Microsoft Office 4.2 for Mac was released in 1994. (Version 4.0 was skipped to synchronize version numbers with Office for Windows.) Version 4.2 included Word 6.0, Excel 5.0, PowerPoint 4.0, and Mail 3.2. It was the first Office suite for the Power Macintosh. Its user interface was identical to Office 4.2 for Windows, leading many customers to comment that it wasn't Mac-like enough. The final release for Mac 68K was Office 4.2.1, which updated Word to version 6.0.1, somewhat improving its performance.
Microsoft Office 98 Macintosh Edition was unveiled at MacWorld Expo/San Francisco in 1998. It introduced the Internet Explorer 4.0 web browser and Outlook Express, an Internet e-mail client and usenet newsgroup reader. Office 98 was re-engineered by Microsoft's Macintosh Business Unit to satisfy customers' desire for software they felt was more Mac-like. It included drag–and-drop installation, self-repairing applications and Quick Thesaurus, before such features were available in Office for Windows. It also was the first version to support QuickTime movies.
Microsoft Office 2001 launched in 2000, was the last Office suite for the classic Mac OS; it required Mac OS 8, although version 8.5 or later was recommended. Office 2001 introduced Entourage, an e-mail client that included information management tools such as a calendar, an address book, task lists and notes.
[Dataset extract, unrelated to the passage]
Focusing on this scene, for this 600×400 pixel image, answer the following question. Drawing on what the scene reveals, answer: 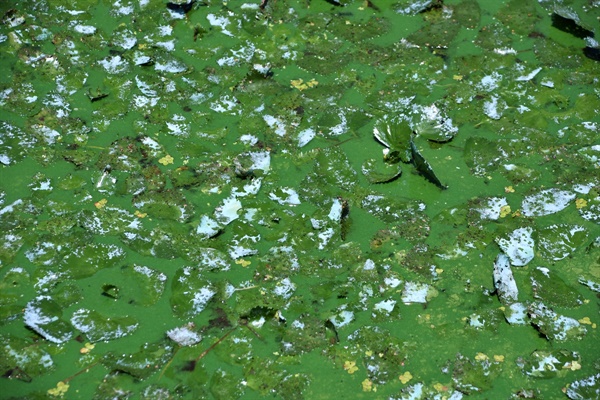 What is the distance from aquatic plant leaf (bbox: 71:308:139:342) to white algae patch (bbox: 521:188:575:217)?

Microsoft Office 2008 for Mac was released in 2008. It was the first Office for Mac suite that was a universal binary, running natively on both Intel- and PowerPC-based Macs, and it supported Office Open XML file formats first introduced in Office 2007 for Windows. Five months after it was released, Microsoft said that Office 2008 was "selling faster than any previous version of Office for Mac in the past 19 years" and affirmed "its commitment to future products for the Mac."
Microsoft Office for Mac 2011 was released on October 26, 2010, and features a Mac version of Outlook to replace the Entourage email client. This Mac version of Outlook is intended to make the Mac version of Office work better with Microsoft's Exchange server and with those using Office for Windows. Office 2011 includes a Mac-based Ribbon similar to Office for Windows.